# Property $\Gamma$ in terms of Correspondences

A type $$II_{1}$$ factor $$M$$ with trace $$\tau$$ has Property $$\Gamma$$ if for every finite subset $$\{ x_{1}, x_{2},..., x_{n} \} \subseteq M$$ and each $$\epsilon >0$$, there is a unitary element $$u$$ in $$M$$ with $$\tau (u)=0$$ and $$||ux_{j}-x_{j}u||_{2}<\epsilon$$ for all $$1 \leq j \leq n$$. (Here $$||T||_2=(\tau(T^{*}T))^{1/2}$$ for $$T\in M$$.)

A correspondence of von Neumann algebras $$N$$ and $$M$$ is a binormal Hilbert $$N$$-$$M$$ bimodule. One such bimodule $$H$$ is weakly contained in another $$K$$ if the first is in the closure of a countable (Hilbert) direct sum of copies of $$K$$ in the Fell topology defined in the preprint referred to below. In Popa's preprint, he considered a stronger notion of weak subequivalence which omits the direct sum in the above closure condition. Popa calls the latter condition weak containment, but in the literature that follows the above distinction is made. Before reading the following paragraph, choose and stick with one of these two notions and let $$H\prec K$$ denote $$H$$ weakly contained in/subequivalent to $$K$$''. I am interested in an answer to my question using either interpretation.

It seems that in Popa's 1986 Correspondence Preprint (cf. p. 45 of the preprint section 3.3 on "asymptotic commutativity") the correspondence characterization of property $$\Gamma$$ of a type $$II_{1}$$-factor is not quite right. There it is claimed that such an $$N$$ has $$\Gamma$$ if $$L^{2}(N)\oplus L^{2}(N)\prec L^{2}(N)$$. I think what was intended was the characterization found here on p. 27 in Theorem 3.9 part (2). That condition is more like $$L^{2}(N)\prec L^{2}(N)\ominus \mathbb{C}1$$'' which is not grammatical since it isn't properly a property of correspondences since the orthocomplement of the scalars is not an $$N$$-bimodule.

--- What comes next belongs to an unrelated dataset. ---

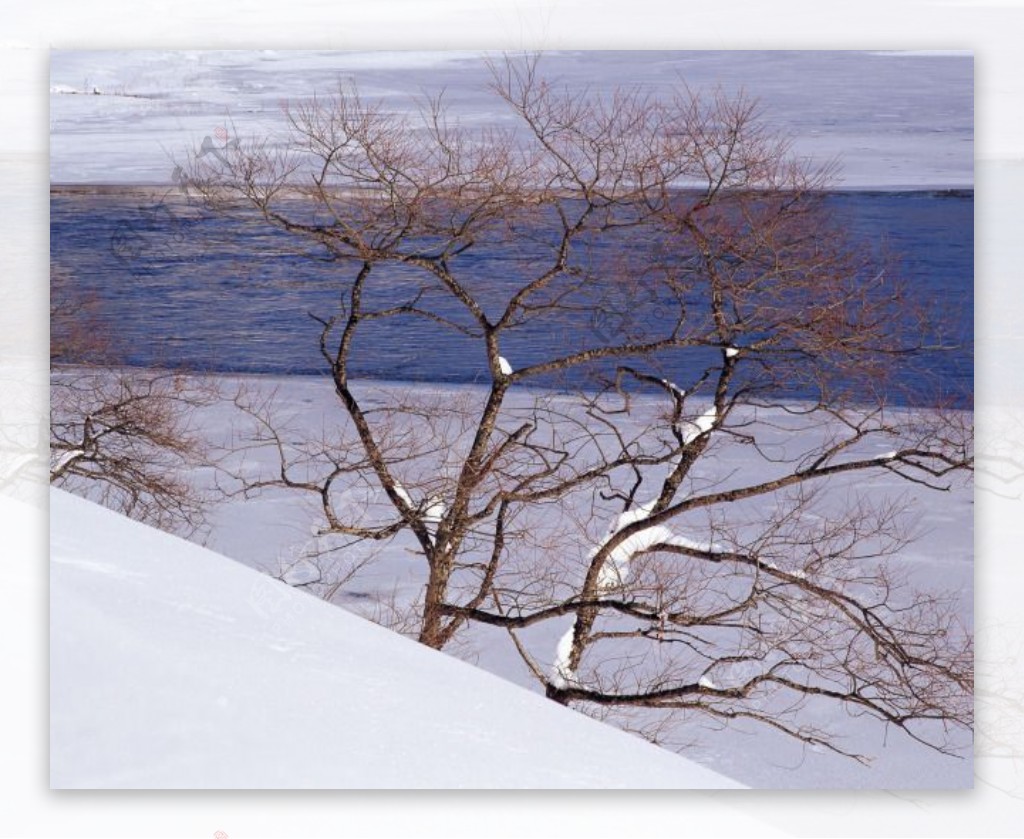 湖边雪景的松树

My question is the following:

Question: Can the Murray-von Neumann Property $$\Gamma$$ be characterized as Popa tried to via weak containment/weak subequivalence of certain correspondences?

Incidentally, this obviously would indirectly answer the question here pointed out to me by Yemon Choi.

• Jon, are you sure that the definition of weak containment in Popa86 ("weak subequivalence") is the same as the definition of weak containment in your 2nd paragraph? – Yemon Choi Feb 14 '19 at 14:29
• In fact it is not. In Popa's original preprint only closure was considered without multiplicity. With multiplicity, the first proposed characterization of Gamma holds for all N, even those without Gamma. I am interested in an answer to the question using either notion of weak containment. Thanks Yemon! – Jon Bannon Feb 14 '19 at 14:35
• I have, perhaps inelegantly, incorporated the distinction Yemon points out in the body of the question. – Jon Bannon Feb 14 '19 at 16:44

A separable $$\mathrm{II}_1$$ factor $$M$$ is non-$$\Gamma$$ iff $$L^2(M)\prec H$$ and $$H\prec L^2(M)$$ imply $$L^2(M)\subset H$$.
Proof: Let $$M$$ be non-$$\Gamma$$ and take a finite critical set $$F\subset M$$. By $$L^2(M)\prec H$$, there is a unit vector $$\xi\in H$$ which is $$(F,\epsilon)$$-central. Assume for contrapositive that $$L^2(M)\not\subset H$$. Then, there is no central vector in $$H$$ and one can find $$u\in U(M)$$ such that $$\|[u,\xi]\|\geq1/2$$. This implies that $$H\not\prec L^2(M)$$ by non-$$\Gamma$$.
Conversely, suppose $$M$$ is $$\Gamma$$. Then take $$\sigma\in\overline{\mathrm{Inn}}(M)\setminus\mathrm{Inn}(M)$$ and put $$H={}_ML^2(M)_{\sigma(M)}$$. This $$H$$ violates the above condition.